Precisely my point, although made in a somewhat different manner.
(P.S. I think Fareed Zakaria is a genius. I wanted to clip that column and hand it to everyone I know who has never left the U.S. I wish I could have gone back in time and given it to my mom to read over Rosh Hashanah dinner, 2001, when she basically asasked me “why do they hate us?” She meant Muslims, although I don’t believe she’s ever known one personally. You should have seen the blue smoke coming out of my ears as I tried to calm down enough to explain to her that not all Muslims are created equal, just as not all Jews, or all Americans, are created equal. I may hold that truth to be self-evident, but evidently Mom didn’t.
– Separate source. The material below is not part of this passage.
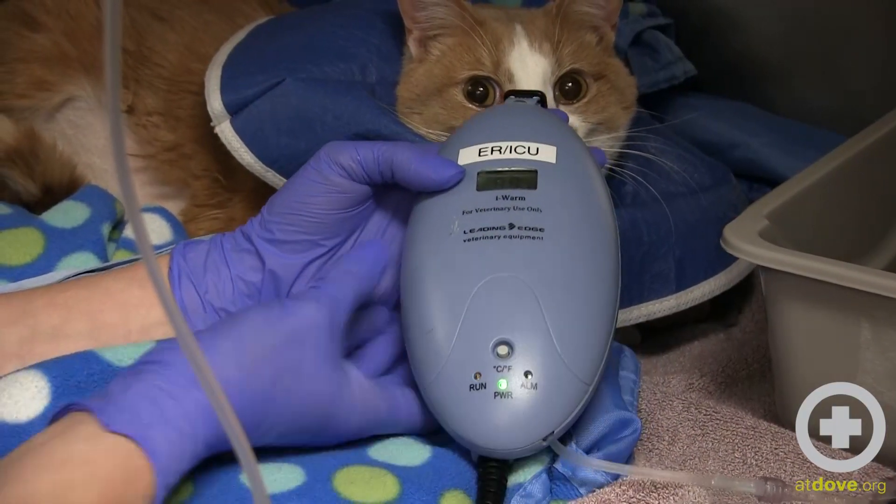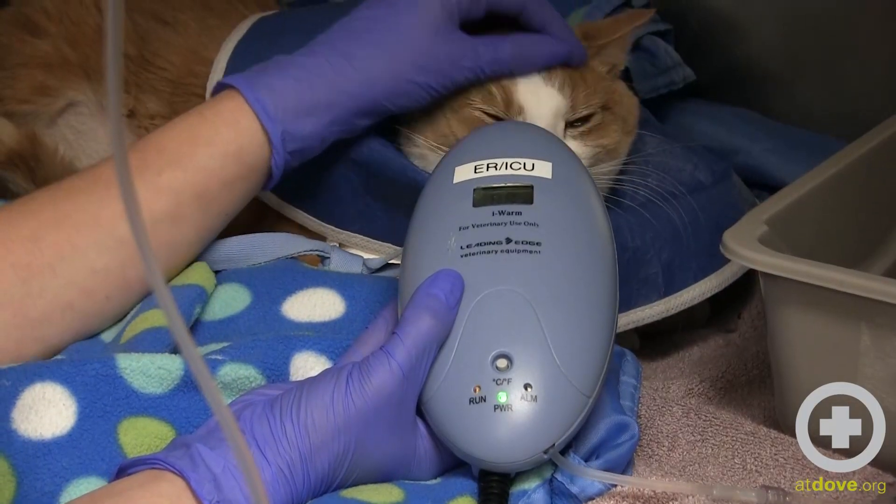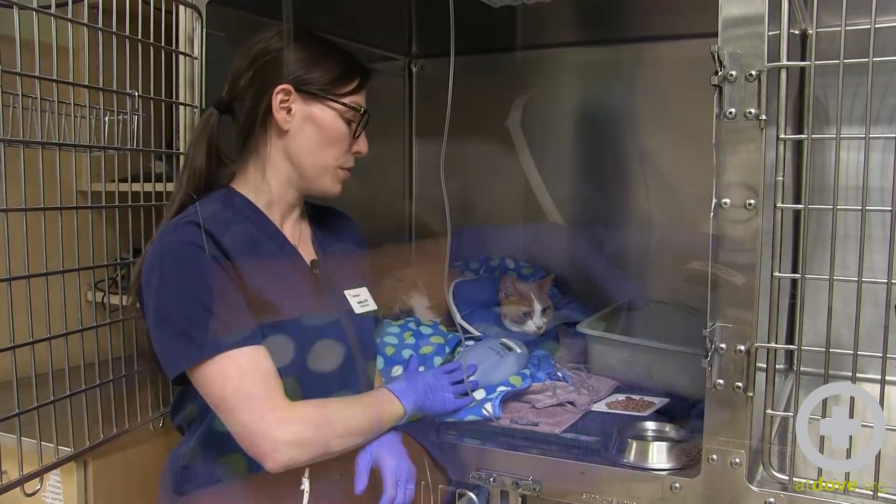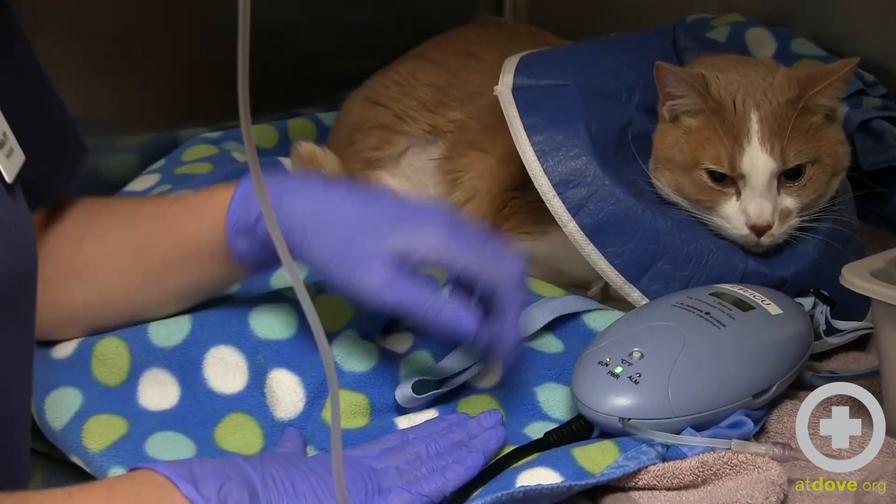Hypothermia is very common in emergency medicine, and one of the ways that we can help get their core temperature up is a fluid warmer. The most important thing when setting up the IV fluid warmer is to have it no more than 10 inches away from a patient.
And apparently neither does our fried, the subject of the OP.)
When we stay above him morally, we’re prejudiced, evil, imperialist US’er pigs (even those who are not from the US!), however, when we sink down to his level, we’re down to immature and childish.
You can have your fun and you can spread your assumptions and false accusations and childish immaturity and whatever you want since obviously you find such ridiculous behaviour extremely funny. Everyone is entitled to have a hobby.
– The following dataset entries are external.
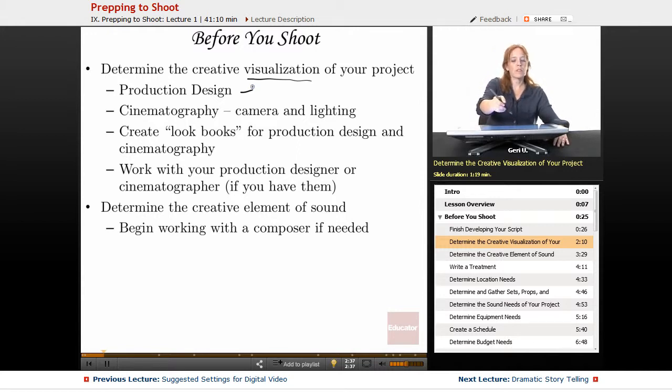You also want to think about your visualization in terms of cinematography, which is the camera and the lighting. If you're the creator, you may want to create lookbooks to start — lookbooks for production design and cinematography. A lookbook is literally a hard copy of your pre-visualization of your show. If you have a crew or a friend to collaborate with, you may want to hire or work with a production designer and cinematographer, and begin that collaborative work in pre-production to expand beyond your own ideas.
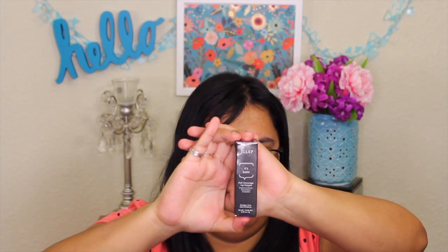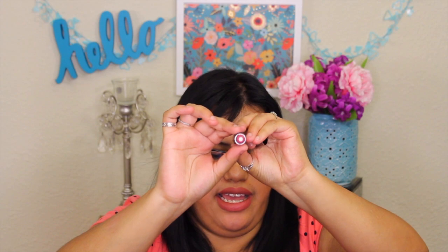The next item was an added bonus. With Julep Maven, each time you order your box you earn points. I had points leftover from last year, so I used them to get a free item. It's called 'It's Bomb,' a full coverage lip crayon in Blossom Pink Cream. It has a moisturizing vitamin E core and is ultra pigmented. I'll go ahead and swatch it — it goes on really creamy and is supposed to be very hydrating for your lips.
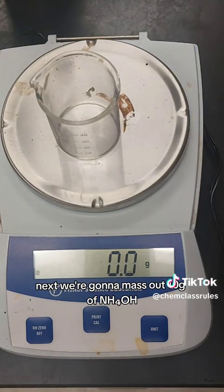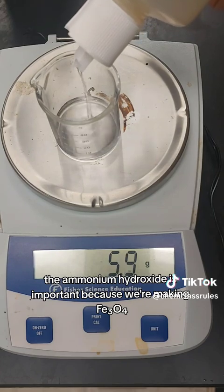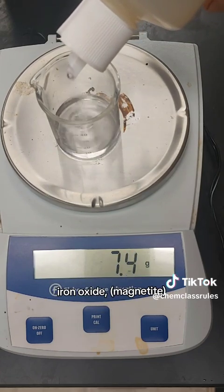Next, we're going to mass out 10 grams of ammonium hydroxide. The ammonium hydroxide is important because we're making Fe3O4 — iron oxide magnetite.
Yet try to read this very carefully and try to get it into your head:
If anyone, and I mean ANYONE ever insults my late mother again, and it doesn’t need to be in the incredible disgusting indecent vulgar manner as was done overhere, I’ll undertake action.
The same if ever anyone dares to insult my late father as was done overhere by that non raised retarded who gets applaud from similar retarded.
Understood, bunch of immature non-raised gutter children who dare to call themselves humans?
I do hope so because if you dare to repeat this, then I’m afraid “you ain’t seen nothing yet”.
Horst: [threatingly] We Germans aren't all smiles und sunshine.
Burns: [recoils in mock horror]
Oooh, the Germans are mad at me. I'm so scared! Oooh, the Germans!
[hiding behind Smithers] Uh oh, the Germans are going to get me!
Horst: Stop it!
Man 2: Stop, sir.
Burns: Don't let the Germans come after me.
Oh no, the Germans are coming after me.
Man 2: Please stop the `pretending you are scared' game, please.
Horst: Stop it! Stop it!
Burns: [brief pause, then resumes]
No! They're so big and strong!
Man 2: Stop it.
Horst: Stop it, Mr. Burns.
Man 2: Please stop pretending you are scared of us, please, now.
Burns: Oh, protect me from the Germans! The Germans...
Horst: Burns, STOP IT!
-- ``Burns Verkaufen der Kraftwerk''
It’s true; the Simpsons have an answer for everything.
Really, I’ve got the DNA to prove it. I was, in fact, raised by wolves. Later, a pack of beagles. I can’t believe you would stoop so low to insult the beagles that raised me in the gutter. There will be no repercussions. Well, I may have to taunt you some more. You silly Belgian K-night.